We have quality opportunities here largely because local industries take care of their people. They pay them well; they provide health insurance; they encourage them to volunteer and give back to the community; and they pay for their employees to further their education. Del Mar College launched our second bachelor’s degree program, Organizational Management and Leadership, this semester. It’s designed to allow any of our Associate of Applied Science graduates — over 50 different degrees — to take online classes to complete a bachelor’s degree and take on a management role in their field. We predicted 40 people would be in the first class, but with recruiting help from our industrial partners, the first class is 237 students! Local industries want their next generation of managers to be experienced employees from the Coastal Bend.

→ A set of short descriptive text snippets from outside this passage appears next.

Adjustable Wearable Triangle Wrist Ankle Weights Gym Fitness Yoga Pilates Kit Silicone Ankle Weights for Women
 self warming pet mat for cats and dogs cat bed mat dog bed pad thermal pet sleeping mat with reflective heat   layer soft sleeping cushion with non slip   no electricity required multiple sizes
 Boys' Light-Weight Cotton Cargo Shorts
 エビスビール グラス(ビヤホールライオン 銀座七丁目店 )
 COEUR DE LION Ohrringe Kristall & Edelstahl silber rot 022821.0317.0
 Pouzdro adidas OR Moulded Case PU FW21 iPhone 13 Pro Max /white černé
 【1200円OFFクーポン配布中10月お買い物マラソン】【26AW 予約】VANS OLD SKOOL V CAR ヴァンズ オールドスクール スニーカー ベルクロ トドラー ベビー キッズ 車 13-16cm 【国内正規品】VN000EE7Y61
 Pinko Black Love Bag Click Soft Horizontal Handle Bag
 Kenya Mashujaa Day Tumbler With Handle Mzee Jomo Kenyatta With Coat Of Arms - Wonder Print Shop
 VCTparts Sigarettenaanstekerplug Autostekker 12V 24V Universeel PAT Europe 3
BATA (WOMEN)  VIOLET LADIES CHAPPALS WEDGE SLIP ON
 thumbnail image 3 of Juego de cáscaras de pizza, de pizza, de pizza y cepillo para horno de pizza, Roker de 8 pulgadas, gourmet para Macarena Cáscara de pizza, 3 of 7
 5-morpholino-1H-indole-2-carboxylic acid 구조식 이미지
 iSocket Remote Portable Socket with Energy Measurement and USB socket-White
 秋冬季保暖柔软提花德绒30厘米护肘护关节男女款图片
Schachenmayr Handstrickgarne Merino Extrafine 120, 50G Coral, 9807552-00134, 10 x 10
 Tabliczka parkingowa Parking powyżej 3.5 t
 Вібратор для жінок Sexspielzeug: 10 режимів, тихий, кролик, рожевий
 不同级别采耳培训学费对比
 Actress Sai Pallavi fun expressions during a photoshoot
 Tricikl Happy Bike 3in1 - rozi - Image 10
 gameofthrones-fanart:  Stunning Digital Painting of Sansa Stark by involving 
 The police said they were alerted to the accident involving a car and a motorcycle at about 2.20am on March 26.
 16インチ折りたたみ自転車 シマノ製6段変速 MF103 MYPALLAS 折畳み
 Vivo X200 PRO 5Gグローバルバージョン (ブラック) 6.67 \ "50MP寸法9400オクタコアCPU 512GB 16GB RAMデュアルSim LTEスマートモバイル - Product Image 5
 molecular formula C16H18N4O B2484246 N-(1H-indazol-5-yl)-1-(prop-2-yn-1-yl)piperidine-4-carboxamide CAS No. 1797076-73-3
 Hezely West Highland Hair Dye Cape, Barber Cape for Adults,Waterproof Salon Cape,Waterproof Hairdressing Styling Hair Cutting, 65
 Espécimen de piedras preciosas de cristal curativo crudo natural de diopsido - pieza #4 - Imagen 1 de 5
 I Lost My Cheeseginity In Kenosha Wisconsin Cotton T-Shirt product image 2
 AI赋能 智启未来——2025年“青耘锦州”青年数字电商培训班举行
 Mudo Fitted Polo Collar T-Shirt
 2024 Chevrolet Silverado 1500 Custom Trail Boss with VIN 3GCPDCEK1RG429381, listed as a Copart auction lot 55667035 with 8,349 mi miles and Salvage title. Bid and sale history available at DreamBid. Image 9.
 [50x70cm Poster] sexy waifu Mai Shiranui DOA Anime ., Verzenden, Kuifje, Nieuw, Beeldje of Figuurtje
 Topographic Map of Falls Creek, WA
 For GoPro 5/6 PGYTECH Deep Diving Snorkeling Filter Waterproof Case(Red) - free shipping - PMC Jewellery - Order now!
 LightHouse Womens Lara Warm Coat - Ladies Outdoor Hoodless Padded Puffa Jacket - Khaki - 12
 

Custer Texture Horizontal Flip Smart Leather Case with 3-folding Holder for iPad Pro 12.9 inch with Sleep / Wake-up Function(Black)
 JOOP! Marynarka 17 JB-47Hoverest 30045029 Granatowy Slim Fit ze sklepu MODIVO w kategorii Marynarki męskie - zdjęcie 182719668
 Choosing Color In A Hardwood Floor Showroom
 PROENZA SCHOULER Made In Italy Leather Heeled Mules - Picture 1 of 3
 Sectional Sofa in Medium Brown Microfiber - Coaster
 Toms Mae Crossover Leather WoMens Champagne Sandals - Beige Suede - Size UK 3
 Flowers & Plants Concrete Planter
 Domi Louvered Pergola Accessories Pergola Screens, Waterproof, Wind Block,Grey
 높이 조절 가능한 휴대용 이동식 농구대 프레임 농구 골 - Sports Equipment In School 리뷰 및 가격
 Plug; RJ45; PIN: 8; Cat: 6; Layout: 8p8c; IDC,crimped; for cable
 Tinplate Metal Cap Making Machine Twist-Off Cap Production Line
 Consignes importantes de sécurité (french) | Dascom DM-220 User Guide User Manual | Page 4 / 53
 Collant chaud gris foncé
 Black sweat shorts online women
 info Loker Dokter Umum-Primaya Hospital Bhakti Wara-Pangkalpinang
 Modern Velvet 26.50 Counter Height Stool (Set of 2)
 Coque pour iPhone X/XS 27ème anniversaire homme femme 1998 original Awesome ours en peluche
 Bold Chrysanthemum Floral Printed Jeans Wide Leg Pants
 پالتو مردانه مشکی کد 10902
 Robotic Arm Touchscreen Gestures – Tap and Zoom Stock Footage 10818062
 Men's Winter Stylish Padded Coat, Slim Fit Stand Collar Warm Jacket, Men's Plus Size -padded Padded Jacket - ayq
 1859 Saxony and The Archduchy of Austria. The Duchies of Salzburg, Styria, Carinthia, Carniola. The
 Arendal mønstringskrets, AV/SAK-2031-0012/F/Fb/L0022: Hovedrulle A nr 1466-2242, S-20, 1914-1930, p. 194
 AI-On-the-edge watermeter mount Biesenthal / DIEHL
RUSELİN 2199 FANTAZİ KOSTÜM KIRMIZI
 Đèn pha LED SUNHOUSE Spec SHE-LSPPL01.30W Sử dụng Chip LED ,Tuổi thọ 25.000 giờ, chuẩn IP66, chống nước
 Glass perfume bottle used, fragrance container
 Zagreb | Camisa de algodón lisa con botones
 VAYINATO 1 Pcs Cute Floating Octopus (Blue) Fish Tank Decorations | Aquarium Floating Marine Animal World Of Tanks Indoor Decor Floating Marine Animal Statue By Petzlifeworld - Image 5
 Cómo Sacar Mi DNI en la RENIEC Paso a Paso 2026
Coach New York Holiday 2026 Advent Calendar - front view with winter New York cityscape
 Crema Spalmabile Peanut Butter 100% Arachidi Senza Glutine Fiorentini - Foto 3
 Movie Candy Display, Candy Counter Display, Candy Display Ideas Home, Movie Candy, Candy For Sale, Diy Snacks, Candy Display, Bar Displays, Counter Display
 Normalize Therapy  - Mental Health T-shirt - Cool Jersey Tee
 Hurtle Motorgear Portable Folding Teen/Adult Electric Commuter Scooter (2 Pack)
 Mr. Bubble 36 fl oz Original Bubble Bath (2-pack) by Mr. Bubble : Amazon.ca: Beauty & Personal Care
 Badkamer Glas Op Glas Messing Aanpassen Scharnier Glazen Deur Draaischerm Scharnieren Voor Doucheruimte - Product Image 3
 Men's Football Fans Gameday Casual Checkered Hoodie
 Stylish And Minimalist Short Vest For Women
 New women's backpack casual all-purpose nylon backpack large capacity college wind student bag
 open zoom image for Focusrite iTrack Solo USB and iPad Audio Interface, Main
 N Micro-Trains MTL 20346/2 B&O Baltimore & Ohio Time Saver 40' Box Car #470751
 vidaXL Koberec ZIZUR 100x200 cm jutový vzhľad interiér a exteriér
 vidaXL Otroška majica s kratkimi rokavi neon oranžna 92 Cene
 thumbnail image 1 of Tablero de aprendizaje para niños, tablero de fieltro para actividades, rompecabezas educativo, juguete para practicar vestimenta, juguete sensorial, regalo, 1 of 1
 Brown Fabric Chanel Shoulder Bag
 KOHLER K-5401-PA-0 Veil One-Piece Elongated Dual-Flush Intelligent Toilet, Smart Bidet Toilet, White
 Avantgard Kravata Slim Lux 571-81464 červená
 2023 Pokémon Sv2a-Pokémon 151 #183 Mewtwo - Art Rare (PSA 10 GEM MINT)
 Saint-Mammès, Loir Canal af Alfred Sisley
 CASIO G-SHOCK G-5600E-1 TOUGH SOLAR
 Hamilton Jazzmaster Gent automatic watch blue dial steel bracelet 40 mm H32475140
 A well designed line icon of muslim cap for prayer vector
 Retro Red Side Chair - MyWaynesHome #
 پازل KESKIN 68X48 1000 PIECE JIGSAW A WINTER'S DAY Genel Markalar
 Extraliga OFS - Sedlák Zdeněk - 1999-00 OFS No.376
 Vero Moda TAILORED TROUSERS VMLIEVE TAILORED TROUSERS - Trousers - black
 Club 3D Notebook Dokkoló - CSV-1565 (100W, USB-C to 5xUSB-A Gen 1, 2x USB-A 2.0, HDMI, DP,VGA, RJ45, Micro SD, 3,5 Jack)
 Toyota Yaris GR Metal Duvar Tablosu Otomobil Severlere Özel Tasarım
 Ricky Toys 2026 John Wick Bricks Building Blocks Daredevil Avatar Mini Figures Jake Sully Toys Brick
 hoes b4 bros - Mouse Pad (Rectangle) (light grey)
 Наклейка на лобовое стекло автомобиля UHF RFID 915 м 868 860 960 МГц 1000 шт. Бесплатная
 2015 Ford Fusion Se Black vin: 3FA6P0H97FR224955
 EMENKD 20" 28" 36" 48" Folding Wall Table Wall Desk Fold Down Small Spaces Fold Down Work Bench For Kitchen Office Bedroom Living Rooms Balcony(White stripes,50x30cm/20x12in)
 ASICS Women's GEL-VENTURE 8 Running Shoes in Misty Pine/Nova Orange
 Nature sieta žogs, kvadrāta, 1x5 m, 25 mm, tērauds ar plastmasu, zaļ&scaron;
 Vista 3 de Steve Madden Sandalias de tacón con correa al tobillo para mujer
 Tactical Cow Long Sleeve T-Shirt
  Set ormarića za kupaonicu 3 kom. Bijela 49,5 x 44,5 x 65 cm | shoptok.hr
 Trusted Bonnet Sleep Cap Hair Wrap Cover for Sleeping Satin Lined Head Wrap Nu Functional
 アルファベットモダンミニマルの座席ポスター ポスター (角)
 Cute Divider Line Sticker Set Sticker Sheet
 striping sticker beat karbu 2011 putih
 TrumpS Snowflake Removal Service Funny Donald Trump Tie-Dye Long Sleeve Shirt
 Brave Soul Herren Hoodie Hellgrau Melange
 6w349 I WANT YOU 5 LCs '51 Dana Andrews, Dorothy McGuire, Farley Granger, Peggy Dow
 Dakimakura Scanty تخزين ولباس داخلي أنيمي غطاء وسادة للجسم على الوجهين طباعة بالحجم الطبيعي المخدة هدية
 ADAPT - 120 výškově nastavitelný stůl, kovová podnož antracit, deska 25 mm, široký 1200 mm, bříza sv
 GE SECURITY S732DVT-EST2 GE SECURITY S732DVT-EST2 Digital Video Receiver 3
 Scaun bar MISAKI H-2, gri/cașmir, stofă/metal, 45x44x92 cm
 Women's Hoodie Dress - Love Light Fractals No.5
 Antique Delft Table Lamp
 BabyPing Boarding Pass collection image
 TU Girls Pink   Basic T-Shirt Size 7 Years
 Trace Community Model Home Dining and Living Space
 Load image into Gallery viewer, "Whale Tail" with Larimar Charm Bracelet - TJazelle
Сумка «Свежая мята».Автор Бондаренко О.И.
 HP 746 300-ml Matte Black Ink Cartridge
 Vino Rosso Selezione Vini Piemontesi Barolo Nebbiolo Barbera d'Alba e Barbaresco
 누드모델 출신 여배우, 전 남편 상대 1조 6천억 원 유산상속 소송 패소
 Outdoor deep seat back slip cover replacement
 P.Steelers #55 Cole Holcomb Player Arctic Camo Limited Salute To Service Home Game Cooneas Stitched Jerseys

I call our local industries community partners because they are. They give frequently and heavily to general scholarship funds; they serve on curriculum advisory committees so our graduates are immediately employable; they create and fund apprenticeship programs so our students can earn a good living while they train for an even better job; and they assist us with acquiring top-of-the-line equipment so students train on the same cutting-edge technology they will use in the workplace. Whether our education advocates are at City Hall, in Austin or in Washington asking for more funding, our industry partners are right there with us, saying, “This is a critical investment you need to make.”
Most importantly, these investments spill over, allowing us to diversify and expand our economy. The Del Mar Process Technology Program, which began with investments from the college, local industries and the city, has been the strongest asset in economic development. Our local steel companies and Tesla have cited the process technology program as the reason they chose Corpus Christi over other communities. We are now positioned to compete for high-tech manufacturing jobs because we invested in specialized training.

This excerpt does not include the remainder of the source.